---- Given data
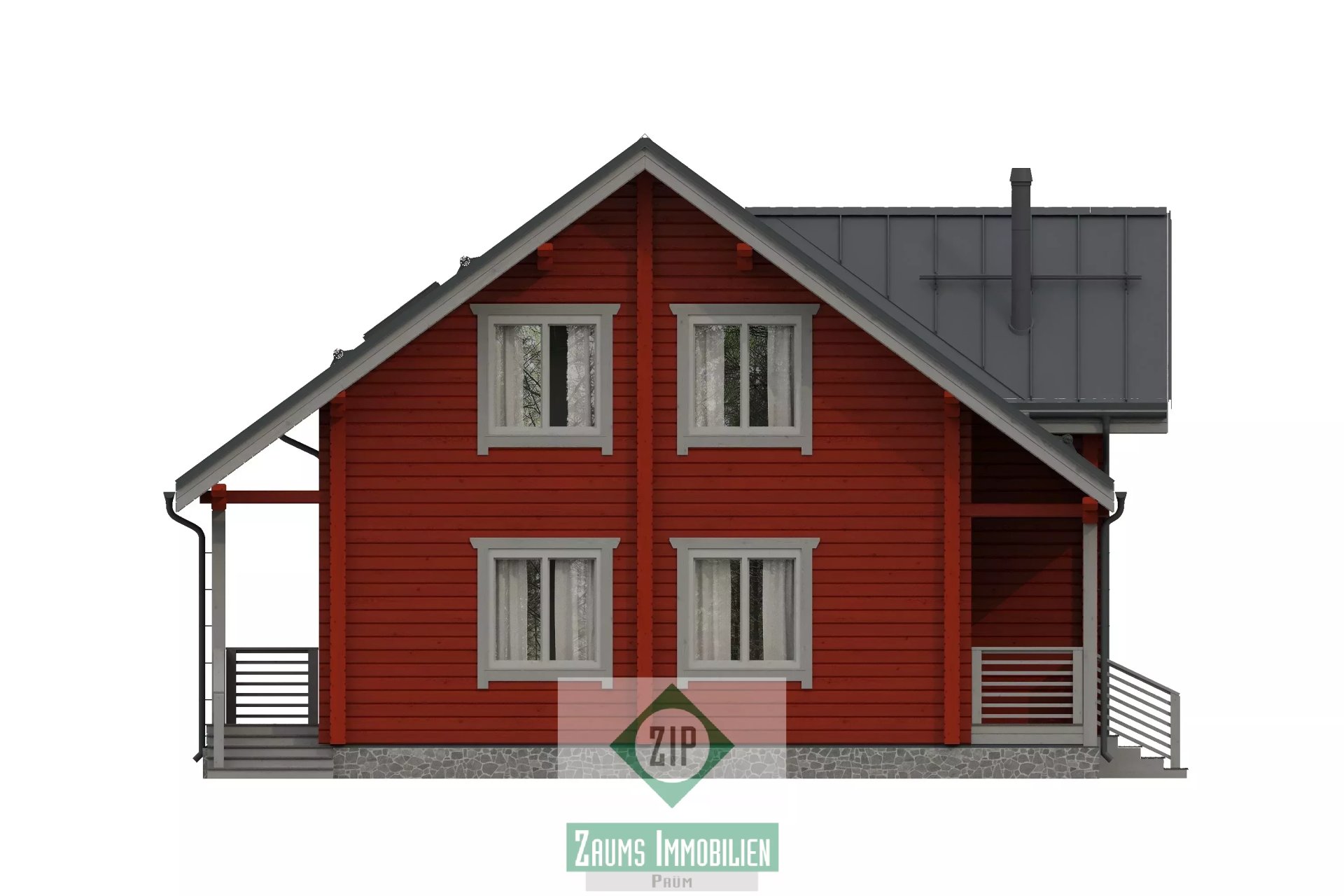 Wood Prefab Housing "Folkland" – Prüm – Vorschaubild 14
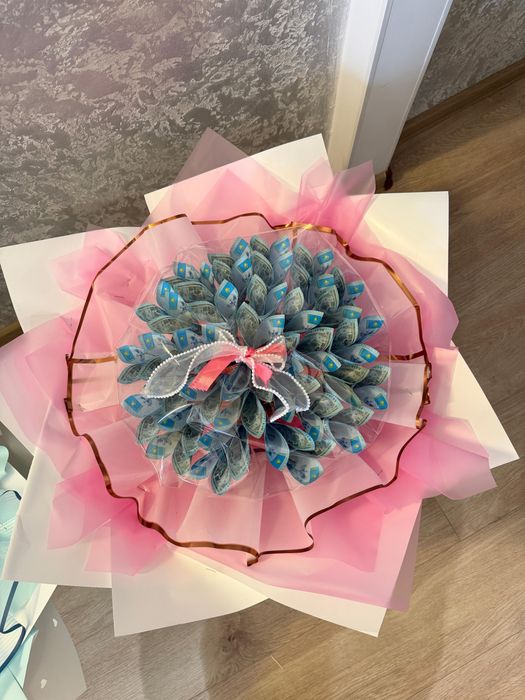 Денежный букет Астана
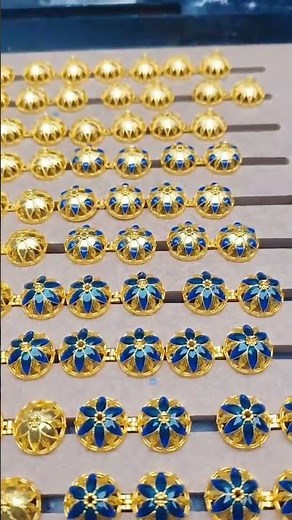 3D jewelry enamel : how to enamel jewelry by an automatic enamel machine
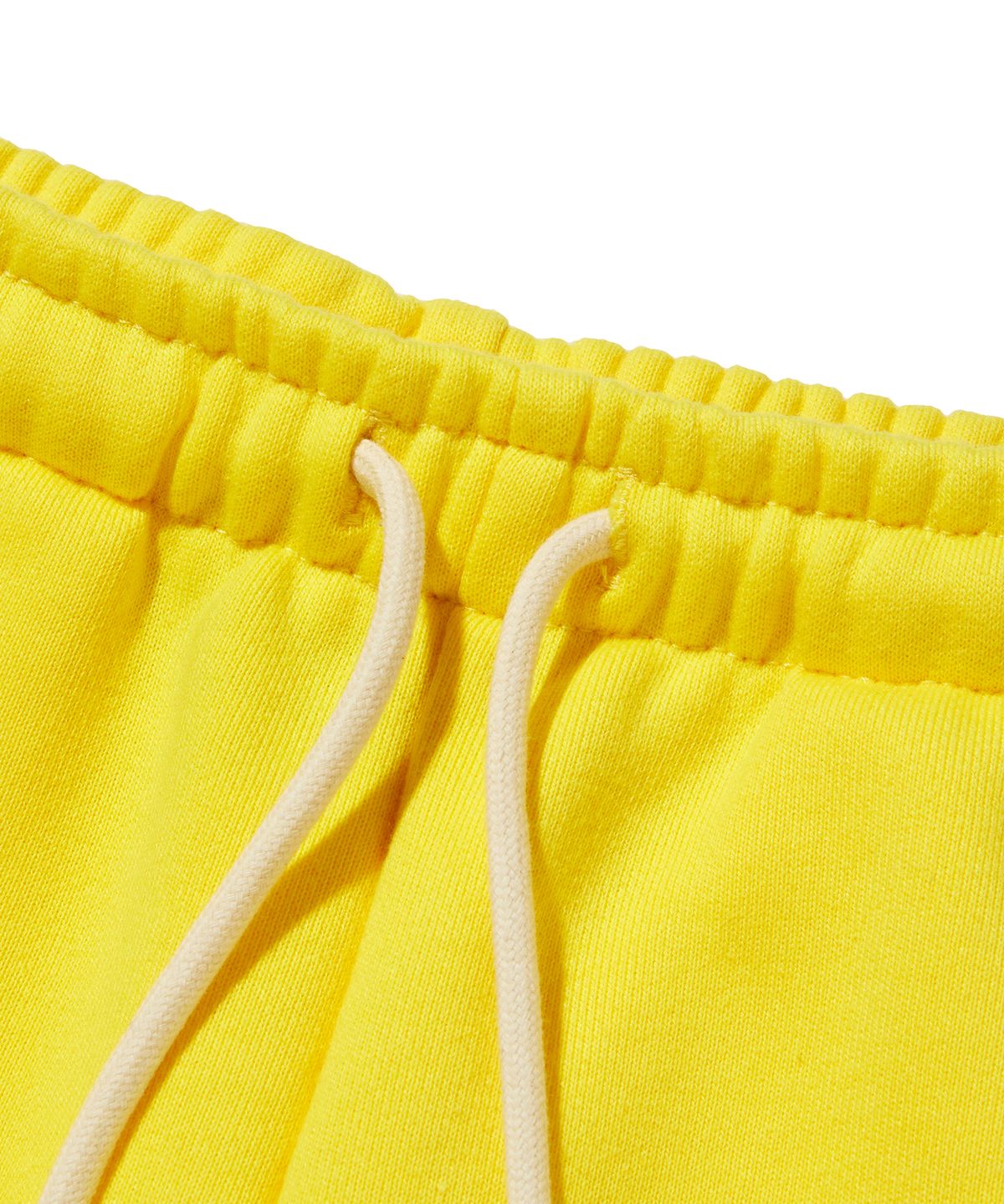 스웨이드(SUADE) SUGARLAND SWEAT PANTS [YELLOW]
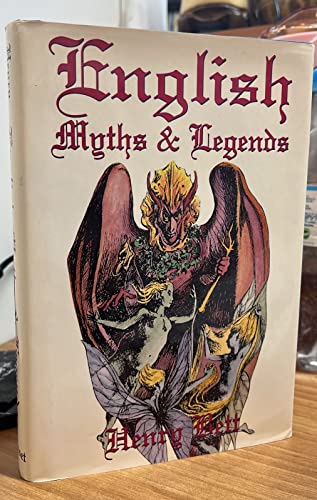 Imagen de archivo de English Myths and Legends a la venta por Better World Books: West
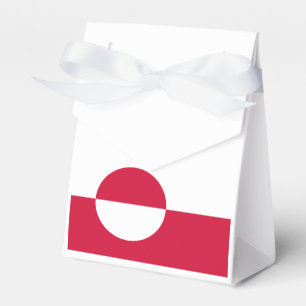 Flagge Grönlands Geschenkschachtel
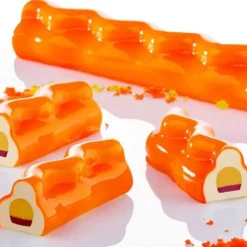 Online Cerf Dellier Moule à bûchettes silicone Volupté Pavoni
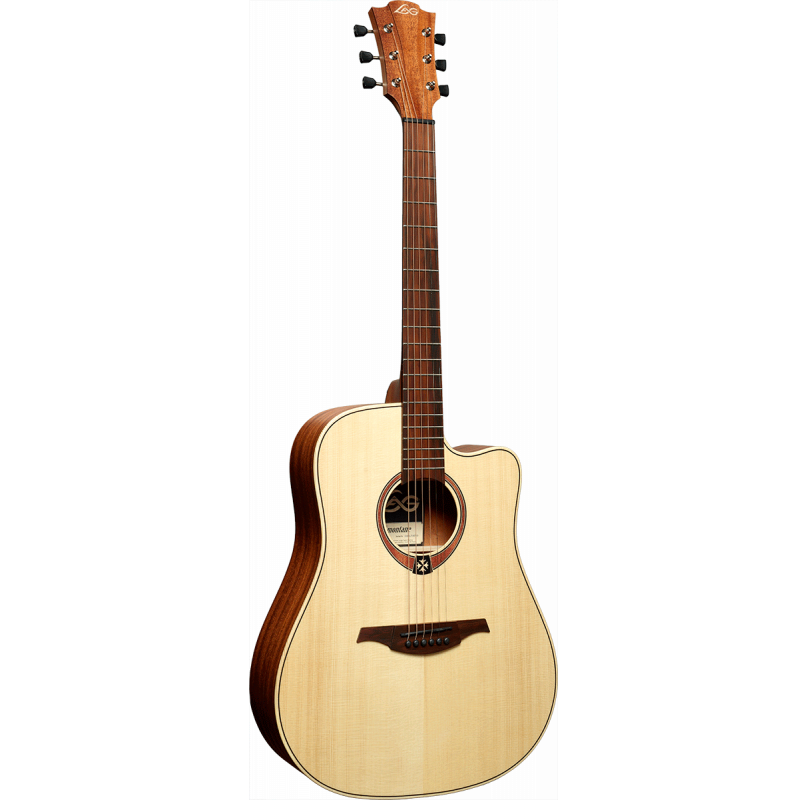 Lag T70D Cutaway Natural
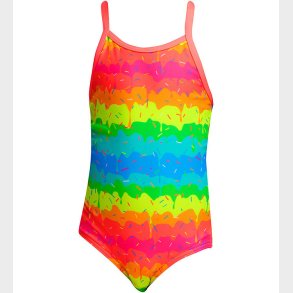 Funkita Badedragt - Printed One Piece - UV50+ - Melting Mayhem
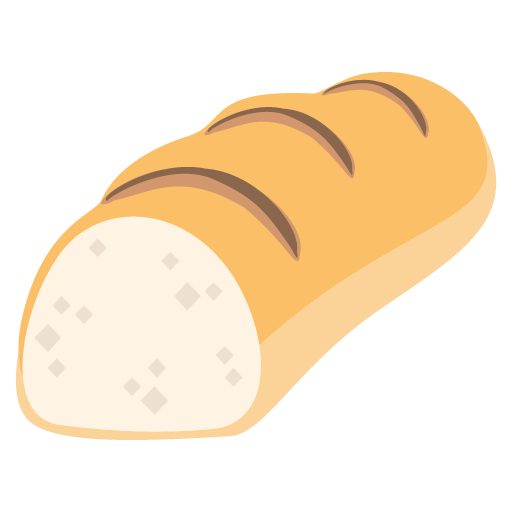 Baguette Bread Emoji Vector Icon Free Download Vector Logos Art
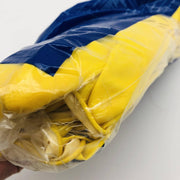 Assurance 48-L2125Y Unsupported Latex Gloves Medium Yellow 20mil 15in 12 Pairs 3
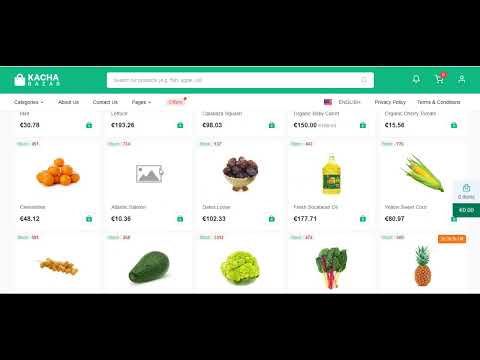 KachaBazar React Next Js eCommerce Solution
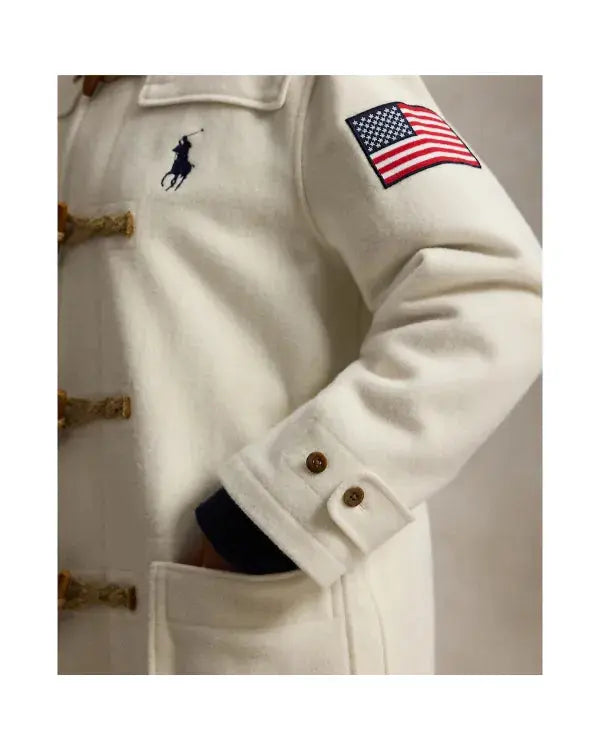 The Today Show Savannah Guthrie Team USA Toggle Coat WorthVee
--------
- **Task prompt**
Extract exactly the lines from the one containing "스웨이드(SUADE) SUGARLAND SWEAT PANTS [YELLOW]" through the last line of the records above, both included, and leave out the pictures.

- **Answer area**
 스웨이드(SUADE) SUGARLAND SWEAT PANTS [YELLOW]
 Imagen de archivo de English Myths and Legends a la venta por Better World Books: West
 Flagge Grönlands Geschenkschachtel
 Online Cerf Dellier Moule à bûchettes silicone Volupté Pavoni
 Lag T70D Cutaway Natural
 Funkita Badedragt - Printed One Piece - UV50+ - Melting Mayhem
 Baguette Bread Emoji Vector Icon Free Download Vector Logos Art
 Assurance 48-L2125Y Unsupported Latex Gloves Medium Yellow 20mil 15in 12 Pairs 3
 KachaBazar React Next Js eCommerce Solution
 The Today Show Savannah Guthrie Team USA Toggle Coat WorthVee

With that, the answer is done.